(Caption-style text data)
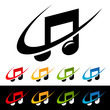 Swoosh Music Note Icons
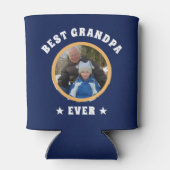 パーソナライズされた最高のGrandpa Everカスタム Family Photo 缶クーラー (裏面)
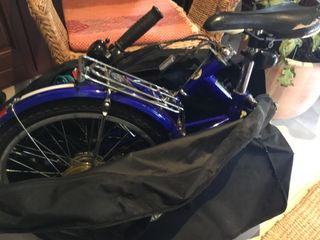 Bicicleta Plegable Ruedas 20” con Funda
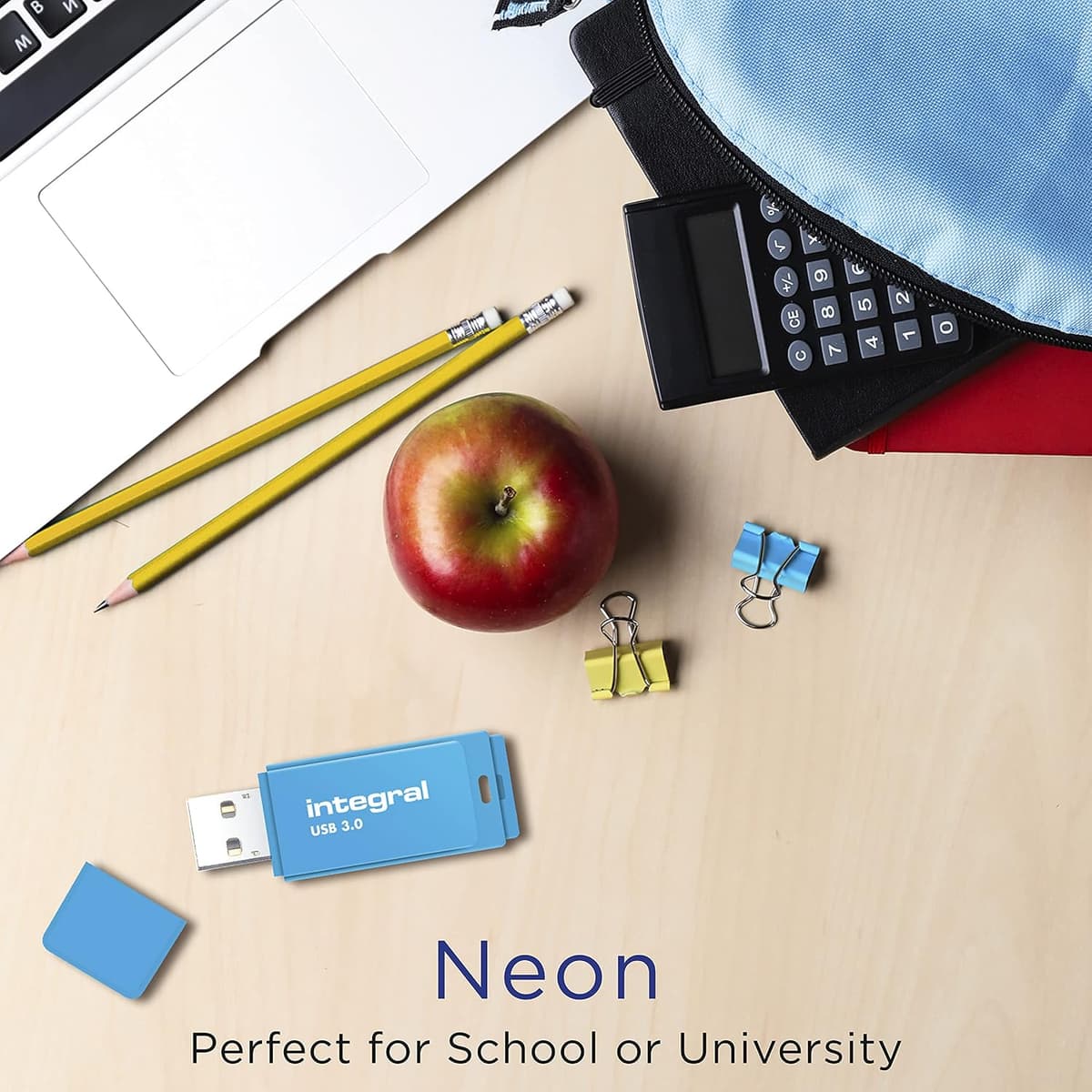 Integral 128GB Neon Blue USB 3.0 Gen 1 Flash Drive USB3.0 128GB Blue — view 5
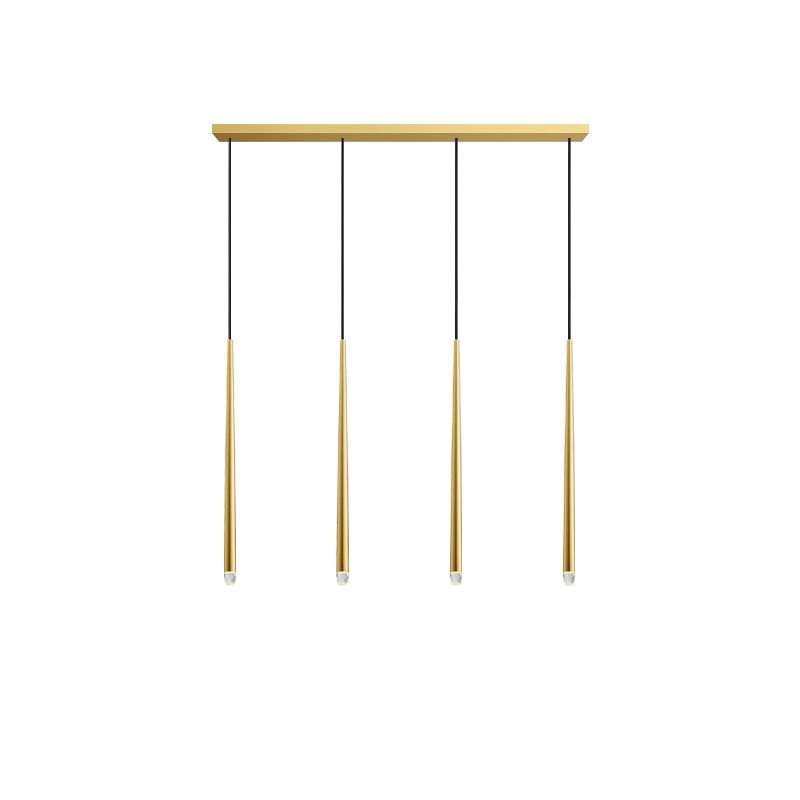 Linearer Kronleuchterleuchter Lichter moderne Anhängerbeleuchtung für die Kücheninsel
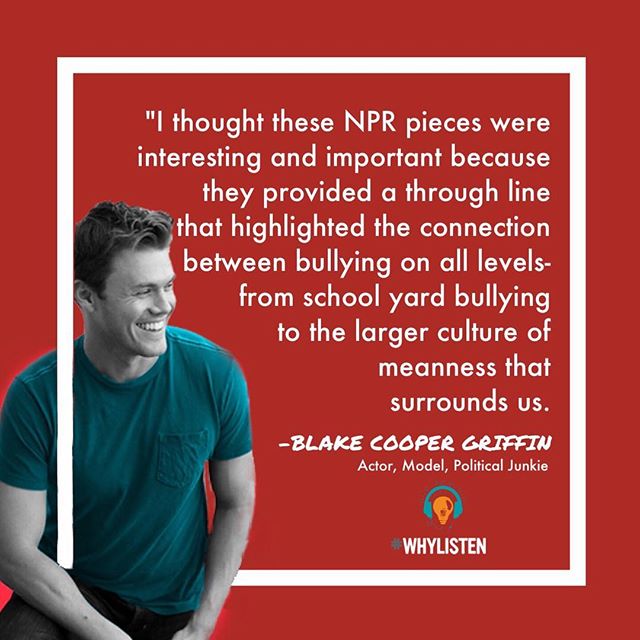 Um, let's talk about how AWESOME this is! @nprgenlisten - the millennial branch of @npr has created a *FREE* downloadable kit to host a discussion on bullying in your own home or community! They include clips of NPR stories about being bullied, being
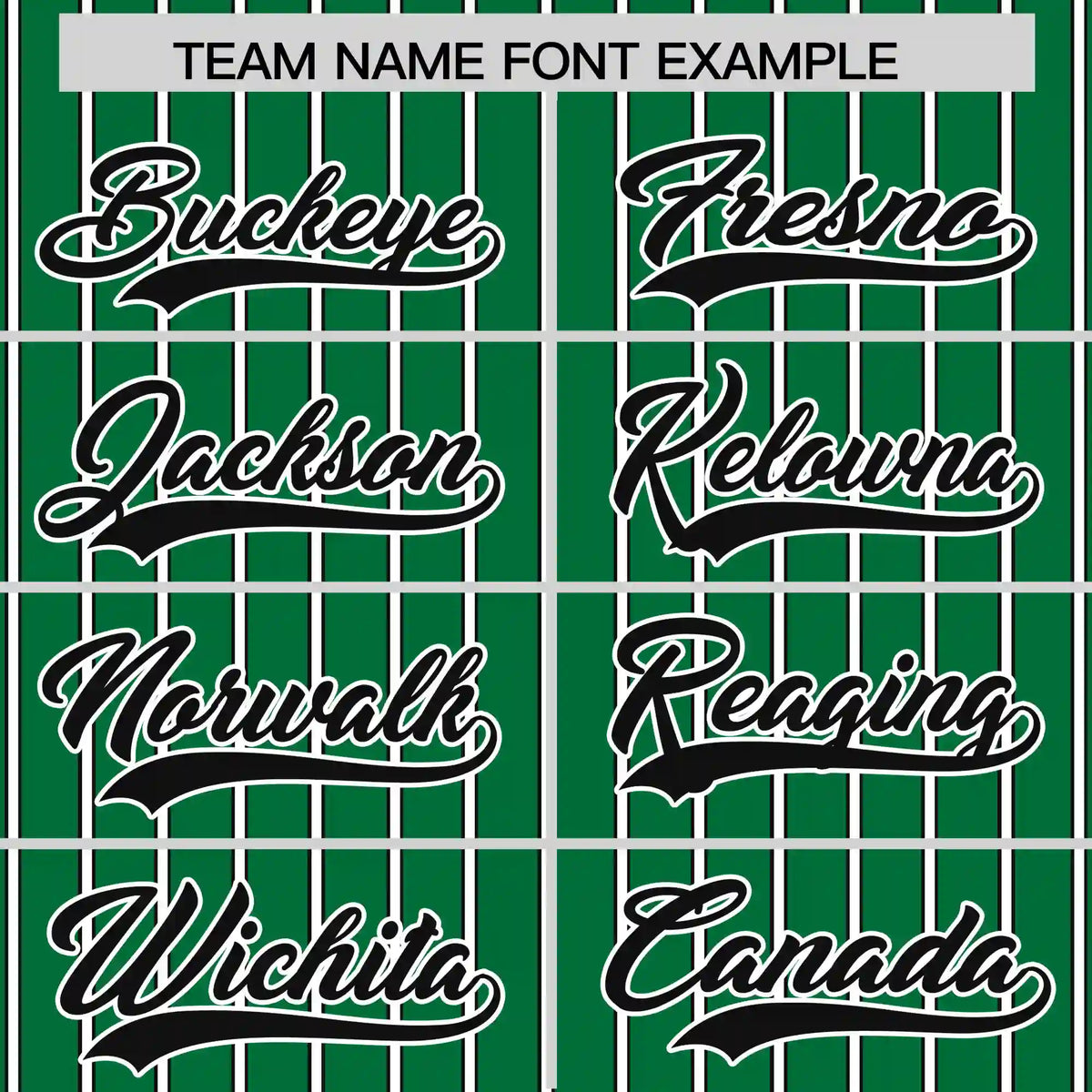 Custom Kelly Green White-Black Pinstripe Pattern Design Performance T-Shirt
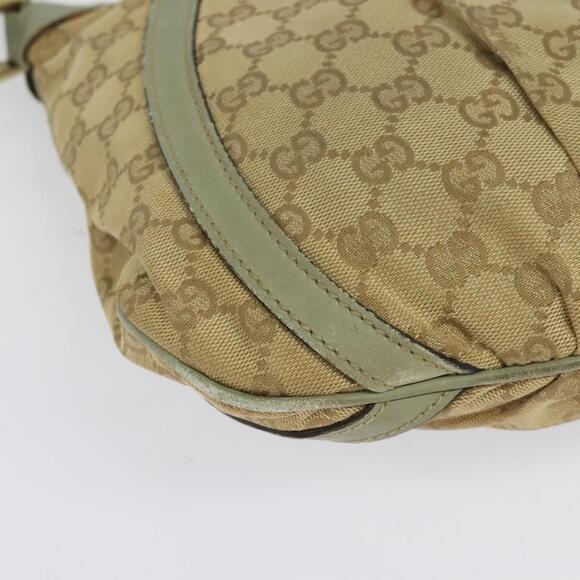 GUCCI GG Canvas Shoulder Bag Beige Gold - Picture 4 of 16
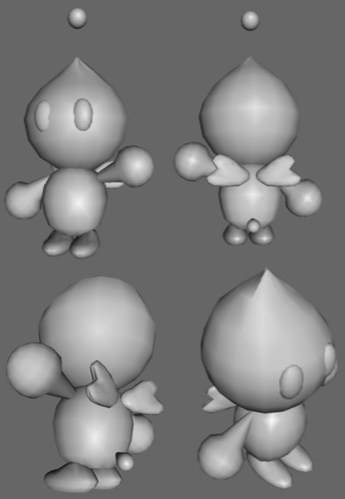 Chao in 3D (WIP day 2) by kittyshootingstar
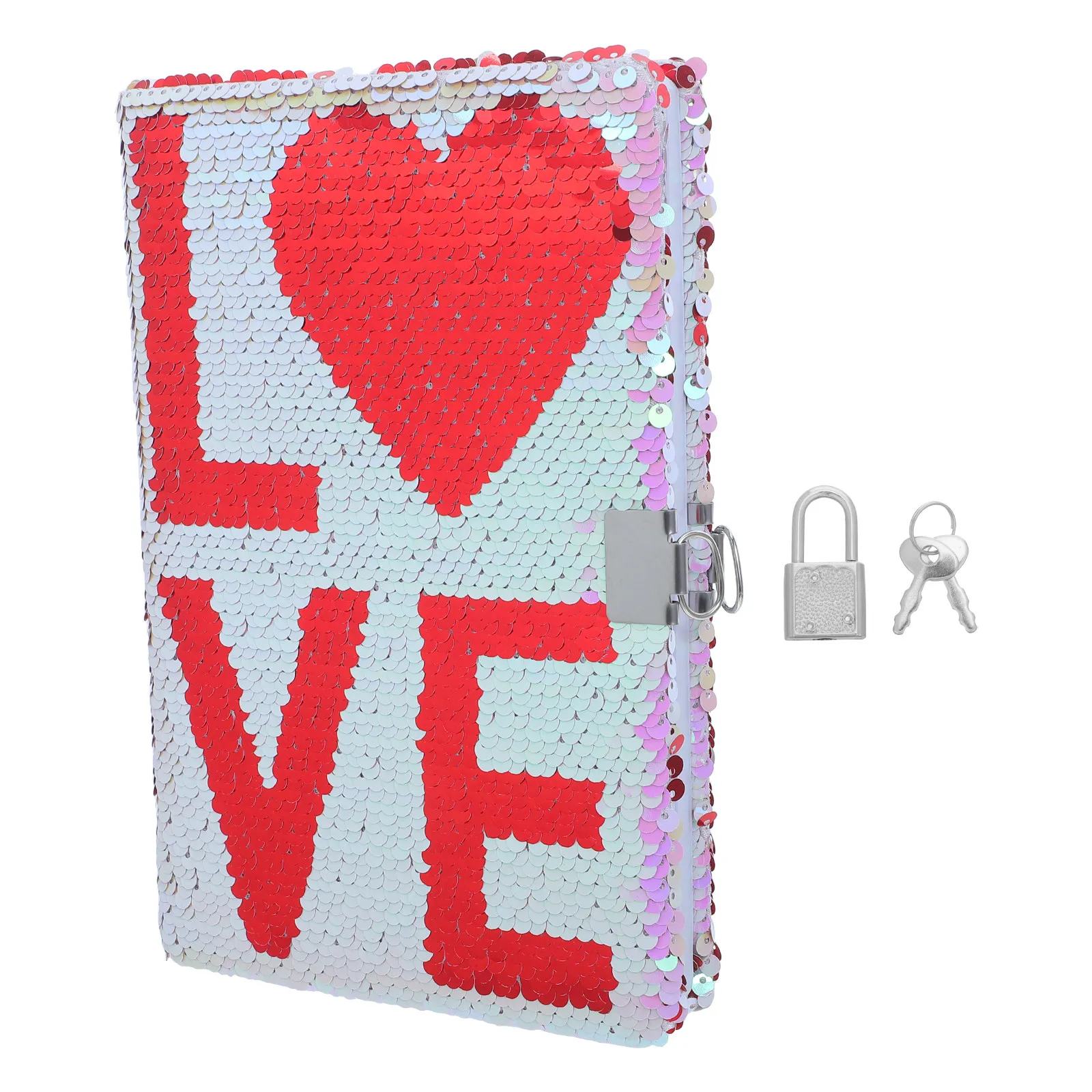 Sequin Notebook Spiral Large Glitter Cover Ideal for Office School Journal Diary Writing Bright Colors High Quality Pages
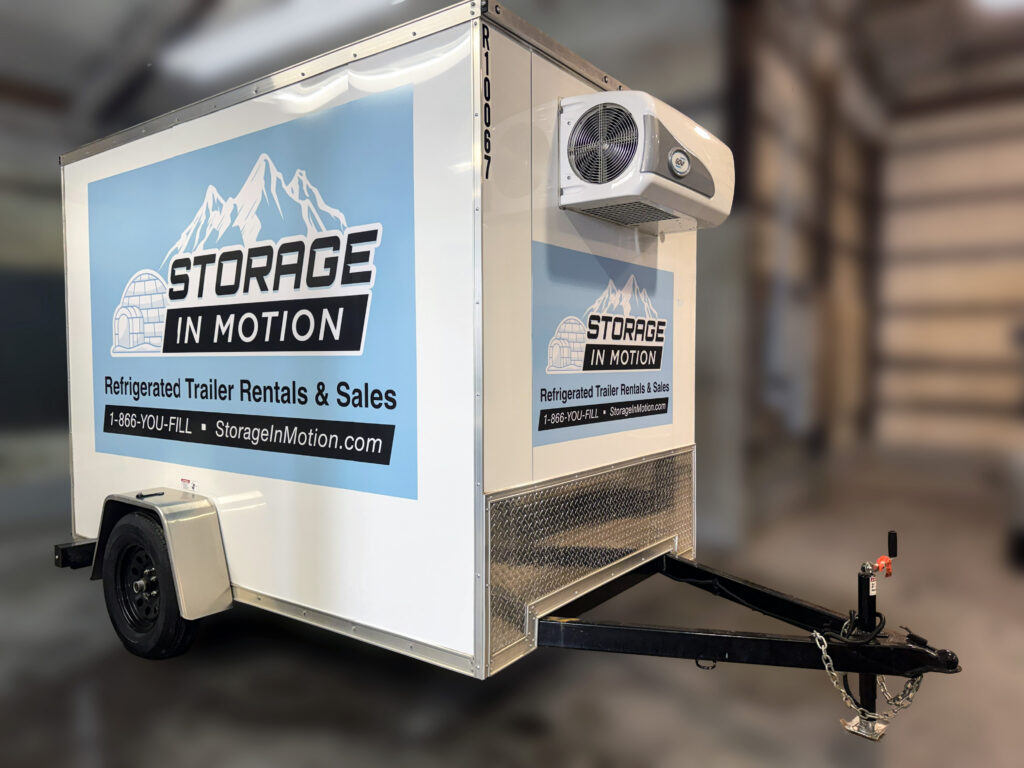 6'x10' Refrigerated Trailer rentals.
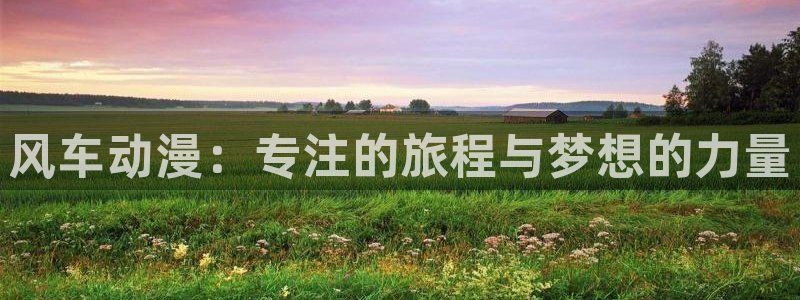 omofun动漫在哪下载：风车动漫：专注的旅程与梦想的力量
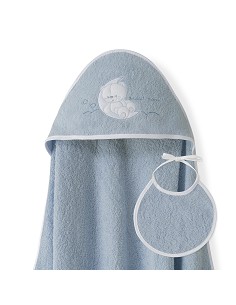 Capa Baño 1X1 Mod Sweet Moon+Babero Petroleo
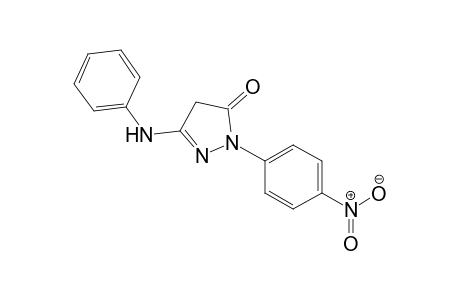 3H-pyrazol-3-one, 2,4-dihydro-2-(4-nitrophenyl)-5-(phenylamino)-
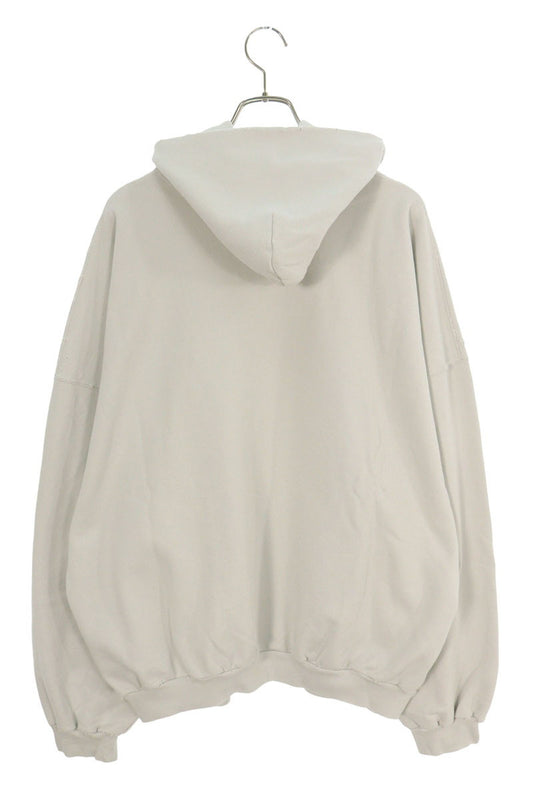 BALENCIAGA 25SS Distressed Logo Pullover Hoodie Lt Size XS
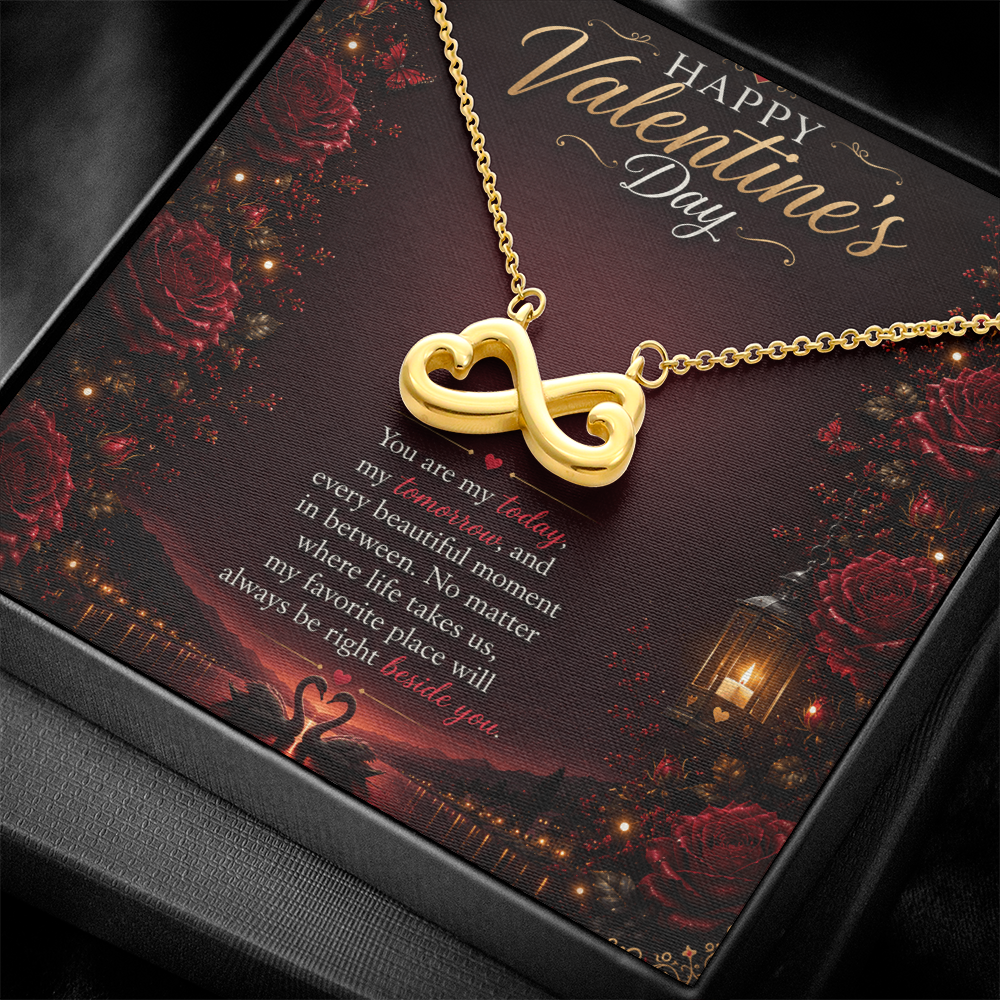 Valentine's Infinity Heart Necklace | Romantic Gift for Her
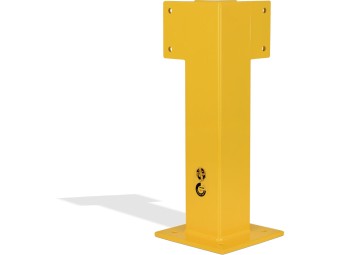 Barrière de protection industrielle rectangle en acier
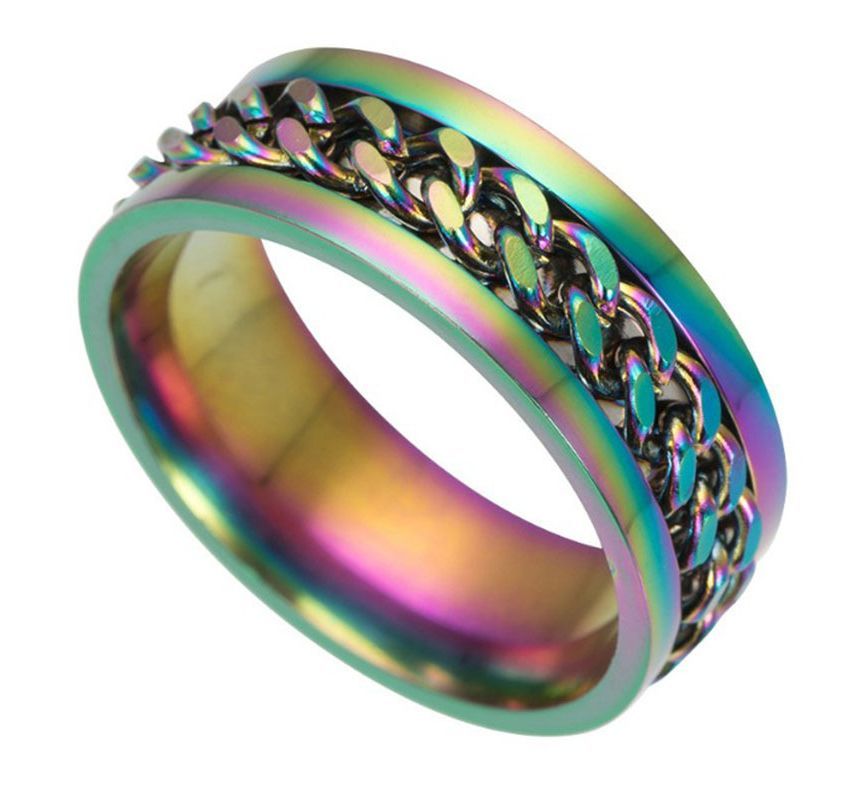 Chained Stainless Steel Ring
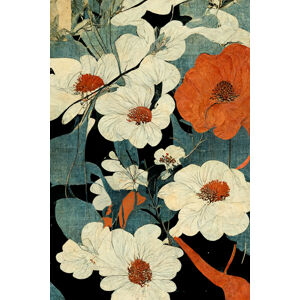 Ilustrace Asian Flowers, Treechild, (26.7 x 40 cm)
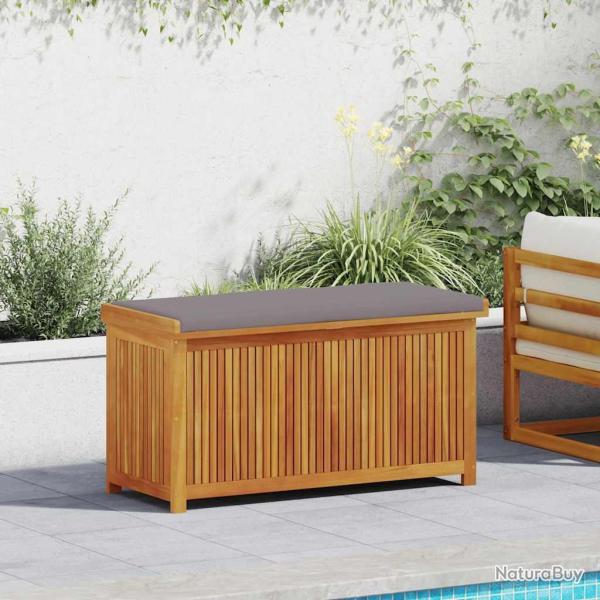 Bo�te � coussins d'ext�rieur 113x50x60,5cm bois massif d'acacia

**Instructions for the task**
Copy the records above exactly, from the first line through the line containing "omofun动漫在哪下载：风车动漫：专注的旅程与梦想的力量", and leave out the pictures.

**Exercise solution**
 Swoosh Music Note Icons
 パーソナライズされた最高のGrandpa Everカスタム Family Photo 缶クーラー (裏面)
 Bicicleta Plegable Ruedas 20” con Funda
 Integral 128GB Neon Blue USB 3.0 Gen 1 Flash Drive USB3.0 128GB Blue — view 5
 Linearer Kronleuchterleuchter Lichter moderne Anhängerbeleuchtung für die Kücheninsel
 Um, let's talk about how AWESOME this is! @nprgenlisten - the millennial branch of @npr has created a *FREE* downloadable kit to host a discussion on bullying in your own home or community! They include clips of NPR stories about being bullied, being
 Custom Kelly Green White-Black Pinstripe Pattern Design Performance T-Shirt
 GUCCI GG Canvas Shoulder Bag Beige Gold - Picture 4 of 16
 Chao in 3D (WIP day 2) by kittyshootingstar
 Sequin Notebook Spiral Large Glitter Cover Ideal for Office School Journal Diary Writing Bright Colors High Quality Pages
 6'x10' Refrigerated Trailer rentals.
 omofun动漫在哪下载：风车动漫：专注的旅程与梦想的力量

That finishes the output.